The scope of an internal TCP/UDP load balancer is regional, not global. This means that an internal TCP/UDP load balancer cannot span multiple regions. Within a single region, the load balancer services all zones. See Regions and Zones.
You can access an internal TCP/UDP load balancer in your VPC network from a connected network, using:
- VPC Network Peering
- Cloud VPN and Cloud Interconnect
For detailed examples, see Internal TCP/UDP Load Balancing and Connected Networks.
Three-tier web service example
You can use Internal TCP/UDP Load Balancing in conjunction with other load balancers, such as HTTP(S) load balancers, where your web tier uses the external load balancer, which then relies on services behind the internal load balancer.
The following diagram depicts an example of a three-tier configuration using external HTTP(S) and internal TCP/UDP load balancers:
How Internal TCP/UDP Load Balancing works
Internal TCP/UDP Load Balancing has the following characteristics:
- The load balancer is a managed service.
- The load balancer is not a proxy.
- It's implemented in virtual networking.
- There's no intermediate device or single point of failure.
- Responses from the backend VMs go directly to the clients, not back through the load balancer.
Unlike a device-based or instance-based load balancer, Internal TCP/UDP Load Balancing doesn't terminate connections from clients. Instead of traffic being sent to a load balancer then onto backends, traffic is sent to the backends directly. The GCP Linux or Windows guest environment configures each backend VM with the IP address of the load balancer, and GCP virtual networking manages traffic delivery, scaling as appropriate.

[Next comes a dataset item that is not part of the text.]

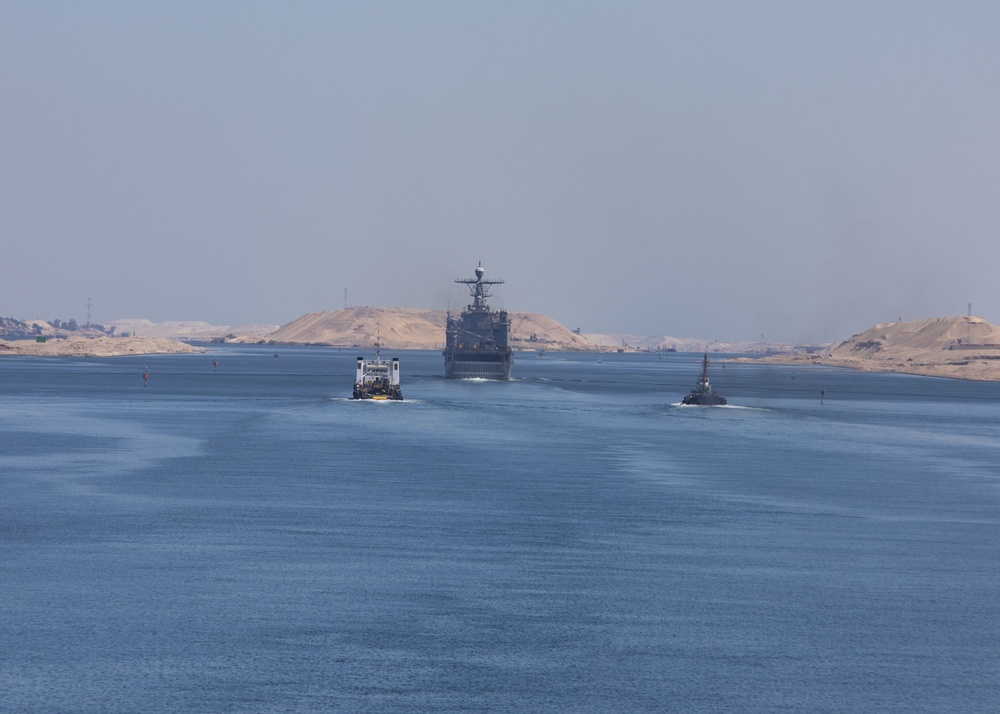 DVIDS - Images - USS Bataan (LHD 5) Transits Suez Canal [Image 1 Of 6]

An internal TCP/UDP load balancer with multiple backend instance groups distributes connections among backends VMs in all of those instance groups. Refer to traffic distribution for details about the distribution method and its configuration options.
You can use any type of instance group — unmanaged instance groups, managed zonal instance groups, or managed regional instance groups — but not Network Endpoint Groups (NEGs), as backends for your load balancer.
High availability describes how to design an internal load balancer that is not dependent on a single zone.
Instances that participate as backend VMs for internal TCP/UDP load balancers must be running the appropriate Linux Guest Environment, Windows Guest Environment, or other processes that provide equivalent functionality.
This diagram illustrates traffic
distribution among VMs located in two separate instance groups. Traffic sent
from the client instance to the IP address of the load balancer (
is distributed among backend VMs in either instance group. Responses sent from
any of the serving backend VMs are delivered directly to the client VM.
Only client VMs in the region can access the internal TCP/UDP load balancer. Client VMs in the same VPC network must be located in the same region, but not necessarily in the same subnet, in order to send packets to an internal TCP/UDP load balancer. You can also communicate with an internal TCP/UDP load balancer from a client system in a different network — as long as that other network is properly connected to the VPC network where the load balancer is defined. See Internal TCP/UDP Load Balancing and Connected Networks.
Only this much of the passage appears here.